I was firmly behind Arsene Wenger last week as he stood up for the Arsenal and Germany midfielder Mesut Ozil. Our number 11 had been the subject of criticism, once again, from the former Manchester United and England midfielder Paul Scholes.
Scholes had a right pop and suggested that Ozil was just coasting and had not got close to his best since joining the Gunners from Real Madrid over a year ago. Wenger backed his star, suggested that his critics are not giving him credit or appreciating what he gives the side and claimed that Scholes would have loved a player of Ozil’s ability alongside him when he was playing.
I have to take my hat off to Scholes though, because he has had the courage to agree with what the Arsenal boss said via an article in The Independent, even if he did half suggest that Ozil’s performance against his old club in the FA cup was much better than his usual.
He was also full of praise for Coquelin and Cazorla and Arsenal in general, and that could not have been easy after we knocked his beloved club out of the cup.

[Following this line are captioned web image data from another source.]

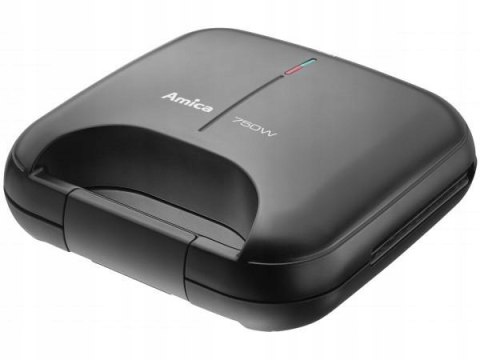 Opiekacz 3 W 1 Amica Smk4021 - Sandwich, Gofwry, Grill, 750W, Cooltouch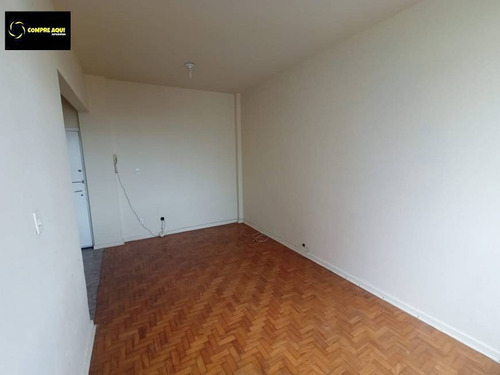 Imagem 2 de 15 de Ótima Kit Perto Do Hospital Santa Casa Santa Cecília! - Clh58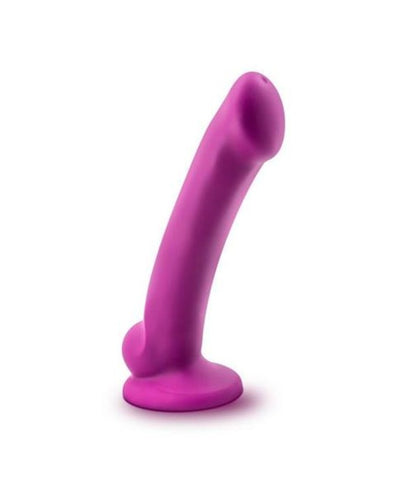 Avant D9 Ergo Mini Dildo in Violet Pink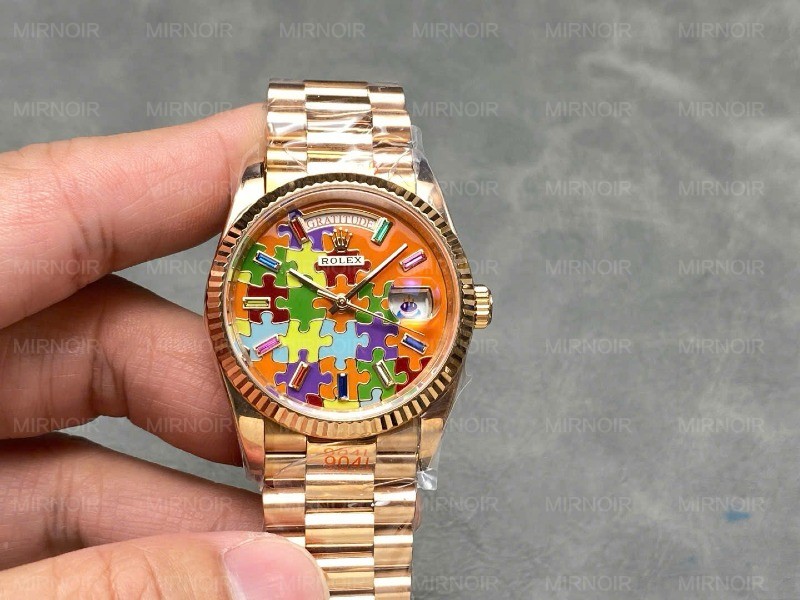 Dong-Ho-Rolex-Day-Date-128235-Che-Tac-Mat-So-Puzzle-Emoji-Jigsaw-Motif-36mm-3.jpg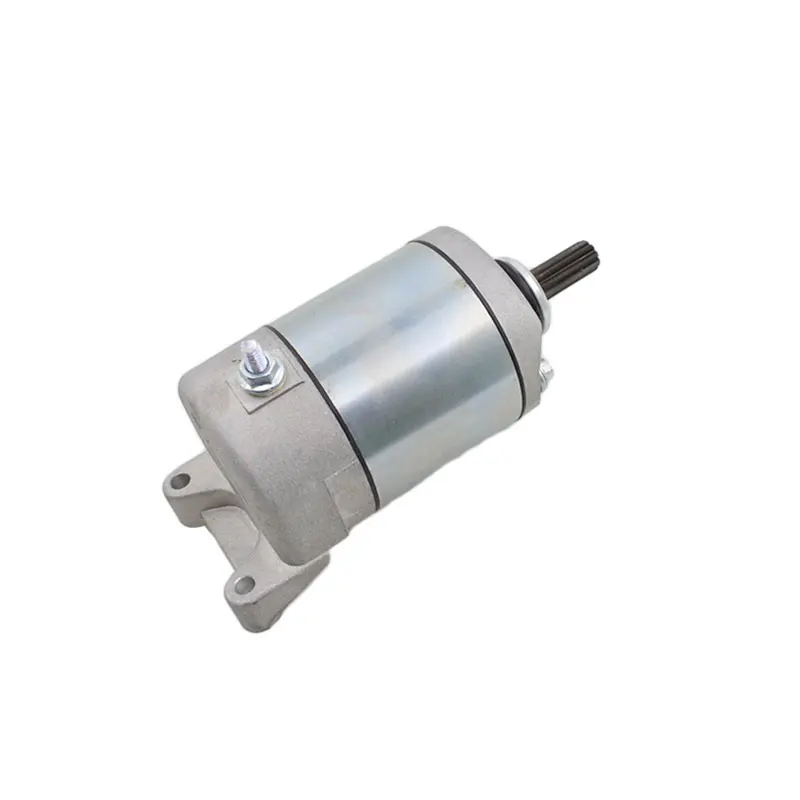 Двигатель мотоцикла электрический стартер двигателя для DERBI SENDA 125 SM R BAJA 2006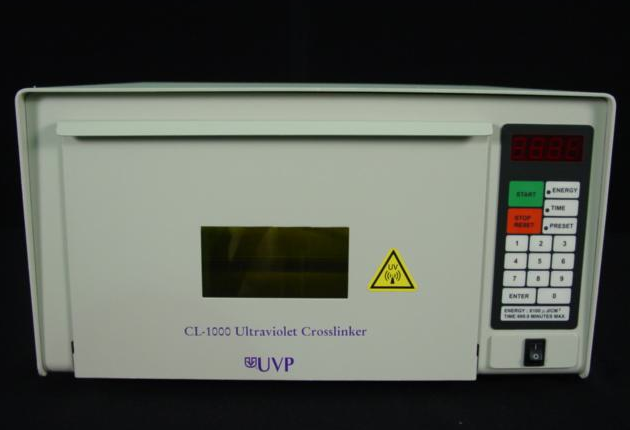 Photo Used UVP CL-1000 For Sale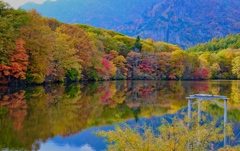 戸隠山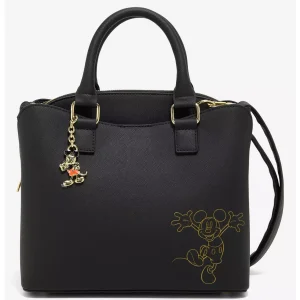 Loungefly Disney Mickey - Classic Purse - Sac à bandoulière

Scholes said, “I found myself agreeing with Arsène Wenger on Monday night. The Arsenal manager said last Friday that I would have loved to have played alongside Mesut Özil – and that would be right, as long as Özil played every week as well as he did at Old Trafford.

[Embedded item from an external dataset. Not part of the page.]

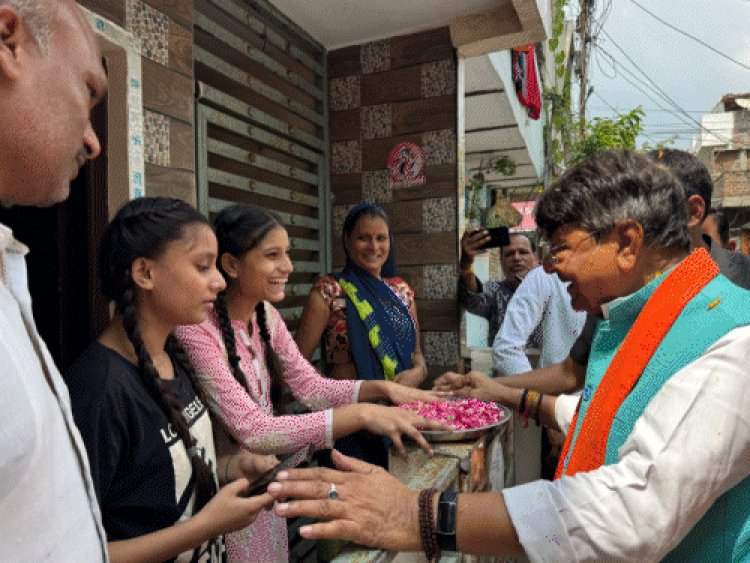 भाजपा संगठन करेगा अपने ही जनप्रतिनिधियों पर कार्रवाई:सदस्यता अभियान का टारगेट पूरा नहीं करने वालों पर संगठन सख्त, इंदौर महापौर अव्वल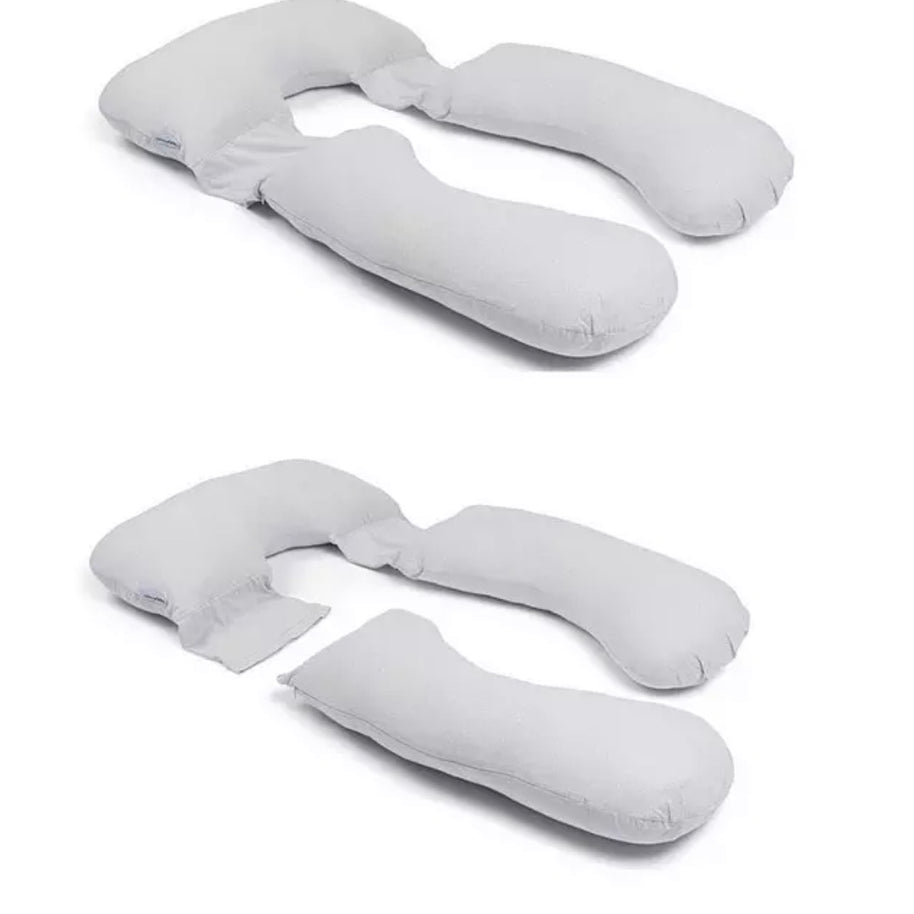 DOOMOOO COUSSIN DE GROSSESSE XXL MAXXY ENVELOPPANT & ULTRA CONFORT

“Arsenal impressed me against United, and that has been a rarity in recent years. There were similarities with their performance against Manchester City in January. They looked sharp and hungry, full of energy in midfield where they overpowered United. They looked physically commanding too, and Danny Welbeck’s pace and power were important.
“Santi Cazorla and Francis Coquelin were the pick of the team in my opinion. I never had them down as so strong. They were quick and aggressive and got the better of United. They showed Van Gaal’s team what they were lacking in midfield and, funnily enough, they were not afraid to be direct with their attacks when it suited them.”

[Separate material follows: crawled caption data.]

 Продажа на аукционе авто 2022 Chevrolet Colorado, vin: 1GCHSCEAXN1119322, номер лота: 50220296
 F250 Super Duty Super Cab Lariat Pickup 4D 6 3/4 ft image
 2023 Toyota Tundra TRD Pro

This is not the first time that Scholes has admitted that his criticism of Arsenal may have been wrong. He did the same with Jack Wilshere and then spoke up in support of the young Gunner after some good performances and accepted that injury problems were mainly to blame for holding back his progression. It is easy to criticise and Scholes likes to say what he thinks so fair play to him for putting the other side across as well.
Maybe he should have a word with the likes of Michael Owen and Adrian Durham.